Professor Riggio continues to insist that my contributions to his article “Oh Captain, My Captain: Dreiser and the Chaplain of Madison Square” (Studies in American Naturalism, vol. 11, no. 2, Winter 2016), while appreciated and acknowledged (barely), were in the nature of helpful research but that they did not form the main body of the article, or that I shouldn’t claim to have done more research than him. And, that the main problem, as he sees it, is that I threw a “hissy fit” over not being given sufficient acknowledgment.

The facts prove otherwise.

The article in question (the above referenced article by Professor Riggio) concludes with a “WORKS CITED” section. Other than “my” source materials (i.e., those I discovered and sent by email to Professor Riggio), the works cited are mostly secondary sources.

There are citations of writings of Dreiser such as “A Touch of Human Brotherhood,” which appeared in Success magazine and which Professor Riggio had available in a published book of Theodore Dreiser’s uncollected magazine articles. And a chapter from Dreiser’s book “Twelve Men.” And so on.

An article by O. Henry, “A Madison Square Arabian Night,” is also cited by Professor Riggio.

What else is there? THIS IS SIGNIFICANT. Because what I am complaining about is mis-appropriation of source martials. Discovered and downloaded by me. Not known (as far as I knew) beforehand to Professor Riggio. Transmitted from me to him.

Here are the primary sources (other than writings of Dreiser and O. Henry) in the Works Cited section of Professor Riggio’s article:

Barton, Bruce. “Tending His Flock by Night.” The Continent 11 Dec. 1913

“Church Services Tomorrow.” New York Times 20 March 1910

“Father Lambert Welcomed.” New York Times 23 May 1894

“The Gospel through the Megaphone.” New York World 6 Sept. 1896

“Met at the Alter to Pray.” New York Times 15 March 1894: 11

“A Preacher Unordained.” New York Times 26 Nov. 1893

“Putting His Congregation to Sleep.” Literary Digest 17 Jan. 1914

“Shelters a Little Army.” New York Times 18 Nov. 1901

These articles were all discovered by me and shared by me with Professor Riggio.
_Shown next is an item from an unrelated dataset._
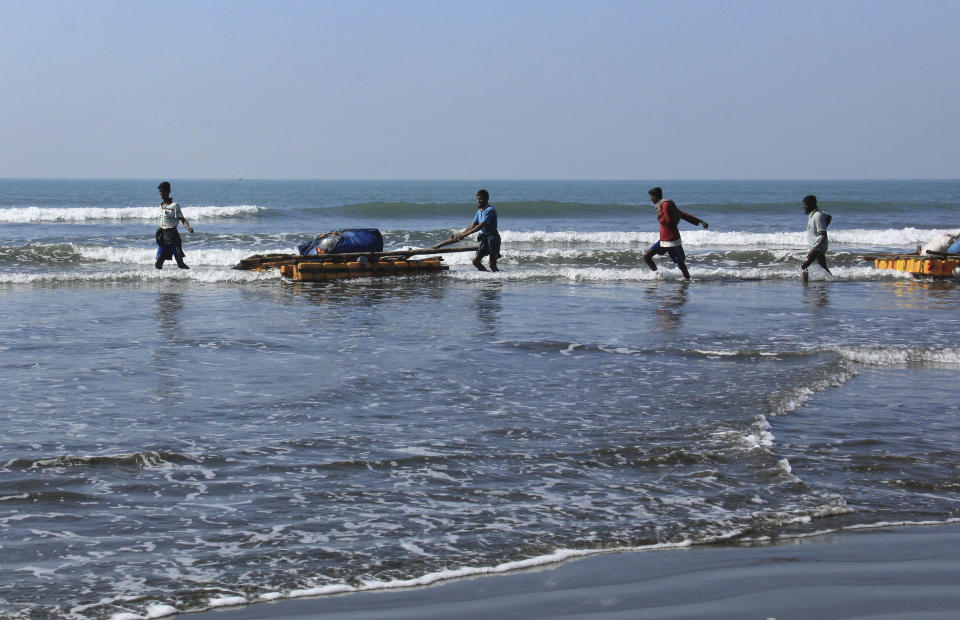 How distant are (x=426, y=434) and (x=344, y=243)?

As far as I know, he had never seen any of them. Perhaps he will claim now that he already had them (!).

Professor Riggio’s article contains four illustrations. The following are the illustrations, with the captions and citations:

Fig. 1. A Preacher Unordained. (New York Times, 26 Nov. 1893: 6– 7)

Fig. 2. The Gospel through the Megaphone. (New York World, 6 Sept. 1896: 8– 9)
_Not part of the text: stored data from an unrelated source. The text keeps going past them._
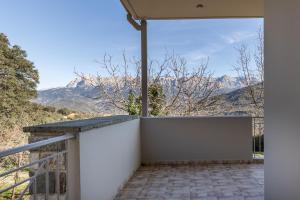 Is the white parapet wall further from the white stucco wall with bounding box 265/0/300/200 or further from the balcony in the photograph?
the white stucco wall with bounding box 265/0/300/200

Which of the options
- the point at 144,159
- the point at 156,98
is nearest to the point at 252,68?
the point at 156,98

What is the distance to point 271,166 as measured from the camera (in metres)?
2.57

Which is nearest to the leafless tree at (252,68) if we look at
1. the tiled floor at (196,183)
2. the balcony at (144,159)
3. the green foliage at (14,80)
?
the balcony at (144,159)

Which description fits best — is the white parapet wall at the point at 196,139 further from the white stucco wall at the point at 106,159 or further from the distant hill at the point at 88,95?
the distant hill at the point at 88,95

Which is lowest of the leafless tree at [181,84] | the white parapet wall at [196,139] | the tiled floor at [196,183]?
the tiled floor at [196,183]

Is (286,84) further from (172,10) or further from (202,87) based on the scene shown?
(202,87)

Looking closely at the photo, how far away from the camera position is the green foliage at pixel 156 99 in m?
8.64

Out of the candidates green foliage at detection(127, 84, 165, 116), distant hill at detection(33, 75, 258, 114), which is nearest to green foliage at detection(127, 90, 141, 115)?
green foliage at detection(127, 84, 165, 116)

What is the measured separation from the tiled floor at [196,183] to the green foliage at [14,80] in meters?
4.86

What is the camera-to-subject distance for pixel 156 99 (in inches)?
344

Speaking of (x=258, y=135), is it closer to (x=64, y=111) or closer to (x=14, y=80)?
(x=64, y=111)

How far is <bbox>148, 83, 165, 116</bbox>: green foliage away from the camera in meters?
8.64

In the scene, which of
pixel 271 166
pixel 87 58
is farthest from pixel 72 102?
pixel 271 166

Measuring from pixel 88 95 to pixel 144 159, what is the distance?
462 centimetres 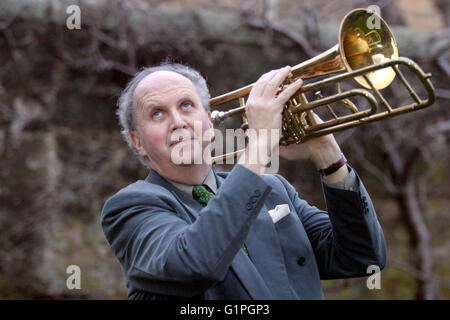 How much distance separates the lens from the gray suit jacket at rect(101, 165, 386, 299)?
1683 millimetres

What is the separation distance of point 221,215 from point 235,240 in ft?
0.30

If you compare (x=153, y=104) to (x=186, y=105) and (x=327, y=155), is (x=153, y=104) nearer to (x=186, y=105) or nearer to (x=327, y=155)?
(x=186, y=105)

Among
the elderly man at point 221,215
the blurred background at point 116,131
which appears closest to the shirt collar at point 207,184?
the elderly man at point 221,215

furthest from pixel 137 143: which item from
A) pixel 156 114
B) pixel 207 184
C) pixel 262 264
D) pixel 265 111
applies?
pixel 262 264

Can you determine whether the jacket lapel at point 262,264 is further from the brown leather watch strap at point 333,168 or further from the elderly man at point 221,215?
the brown leather watch strap at point 333,168

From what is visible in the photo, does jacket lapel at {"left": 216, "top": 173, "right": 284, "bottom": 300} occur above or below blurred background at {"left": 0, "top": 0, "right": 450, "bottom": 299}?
below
Fig. 3. The “Chaplain” of Madison Square. (“Putting His Congregation to Sleep,” Literary Digest, 17 Jan. 1914: 110)

Fig. 4. “The Chaplain” and a Section of His Transient Night Audience in Madison Square. (“Tending His Flock by Night,” The Continent, 11 Dec. 1913: 1740)

All of these illustrations were taken from the articles I sent Professor Riggio.

CONCLUSION: There is virtually no primary source material, and not that much research, in Professor Riggio’s article other than that which I supplied to him. In an email to Professor Riggio at the time the article was published, I wrote: “… the whole article focuses (with some consideration of related works of Dreiser’s) on the Captain directly or indirectly (he provides the hook), starts out with him; without my material, you would have not have been able to offer new material about this figure or explain who he was in real life. The title indicates the focus of your article, and there is a promise that the reader will find out something new about the background of the ‘Curious Shifts of the Poor’ chapter. The article is illustrated with scanned pages from newspaper and magazine articles that came from me.”

Professor Riggio has not addressed a single substantive complaint of mine. He can’t. The facts are incontrovertible.

Professor Riggio obviously did the writing, and the concept of the article was his. But research is important in almost any work of scholarship, and readers are looking for new findings, new information, such as that there really was “a captain” who would have been known to Dreiser. To find this out and prove it, and then to flesh the article out and make it interesting with details about Rotzler and his charitable work, and illustrative material, “added” a great deal to the article — not just added, formed a major portion of the article. The reader looks for new discoveries by the author, and when they have been made, they should be properly credited.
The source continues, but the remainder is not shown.